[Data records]

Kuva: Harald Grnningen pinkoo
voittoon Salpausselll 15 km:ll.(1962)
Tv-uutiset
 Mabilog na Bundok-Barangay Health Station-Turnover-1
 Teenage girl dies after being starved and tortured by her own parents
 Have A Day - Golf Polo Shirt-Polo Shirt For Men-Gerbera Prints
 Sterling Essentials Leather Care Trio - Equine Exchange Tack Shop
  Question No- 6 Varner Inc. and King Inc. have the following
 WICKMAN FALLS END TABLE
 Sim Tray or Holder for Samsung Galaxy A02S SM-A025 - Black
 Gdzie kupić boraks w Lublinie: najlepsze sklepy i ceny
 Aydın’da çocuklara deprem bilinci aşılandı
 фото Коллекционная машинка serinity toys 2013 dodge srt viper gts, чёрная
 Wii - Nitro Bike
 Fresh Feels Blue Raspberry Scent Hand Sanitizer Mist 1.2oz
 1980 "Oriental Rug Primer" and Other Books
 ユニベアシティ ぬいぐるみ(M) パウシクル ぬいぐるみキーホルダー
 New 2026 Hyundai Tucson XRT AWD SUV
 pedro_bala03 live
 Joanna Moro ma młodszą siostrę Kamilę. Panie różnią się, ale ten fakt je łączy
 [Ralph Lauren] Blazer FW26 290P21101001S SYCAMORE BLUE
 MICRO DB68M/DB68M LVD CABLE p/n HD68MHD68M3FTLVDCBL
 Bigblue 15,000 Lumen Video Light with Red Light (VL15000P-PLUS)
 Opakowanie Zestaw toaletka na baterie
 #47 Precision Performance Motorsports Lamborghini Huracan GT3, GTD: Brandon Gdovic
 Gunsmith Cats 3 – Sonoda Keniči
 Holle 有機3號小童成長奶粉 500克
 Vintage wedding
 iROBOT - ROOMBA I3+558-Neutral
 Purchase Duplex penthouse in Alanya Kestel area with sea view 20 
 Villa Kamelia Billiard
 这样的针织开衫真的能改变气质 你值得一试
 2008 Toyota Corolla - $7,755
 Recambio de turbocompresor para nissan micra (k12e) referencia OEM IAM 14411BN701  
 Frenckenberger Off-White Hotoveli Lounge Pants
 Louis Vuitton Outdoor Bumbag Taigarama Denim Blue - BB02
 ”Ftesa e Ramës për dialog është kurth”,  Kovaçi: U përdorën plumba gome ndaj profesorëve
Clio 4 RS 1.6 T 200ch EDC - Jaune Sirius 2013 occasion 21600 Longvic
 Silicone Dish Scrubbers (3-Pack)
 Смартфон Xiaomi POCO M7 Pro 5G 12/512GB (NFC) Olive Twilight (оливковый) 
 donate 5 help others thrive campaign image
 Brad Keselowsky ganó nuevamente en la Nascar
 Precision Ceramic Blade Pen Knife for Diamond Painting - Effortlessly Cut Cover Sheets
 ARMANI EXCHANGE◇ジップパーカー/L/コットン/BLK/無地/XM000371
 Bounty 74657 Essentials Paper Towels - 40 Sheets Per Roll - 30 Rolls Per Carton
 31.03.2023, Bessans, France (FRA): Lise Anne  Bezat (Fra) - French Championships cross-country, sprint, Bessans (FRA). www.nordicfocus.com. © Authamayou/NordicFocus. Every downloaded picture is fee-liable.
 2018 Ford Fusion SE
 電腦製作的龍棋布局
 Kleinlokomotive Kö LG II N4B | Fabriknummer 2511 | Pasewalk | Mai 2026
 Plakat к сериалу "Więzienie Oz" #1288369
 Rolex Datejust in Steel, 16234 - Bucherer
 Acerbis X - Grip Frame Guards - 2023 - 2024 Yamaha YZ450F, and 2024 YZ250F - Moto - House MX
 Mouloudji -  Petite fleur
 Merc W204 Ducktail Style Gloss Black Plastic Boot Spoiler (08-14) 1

WHAT THE TASK REQUIRES
Above are some lines. Repeat exactly, and only, those from the line that has "Opakowanie Zestaw toaletka na baterie" through the line that has "iROBOT - ROOMBA I3+558-Neutral".

FINISHED EXERCISE
 Opakowanie Zestaw toaletka na baterie
 #47 Precision Performance Motorsports Lamborghini Huracan GT3, GTD: Brandon Gdovic
 Gunsmith Cats 3 – Sonoda Keniči
 Holle 有機3號小童成長奶粉 500克
 Vintage wedding
 iROBOT - ROOMBA I3+558-Neutral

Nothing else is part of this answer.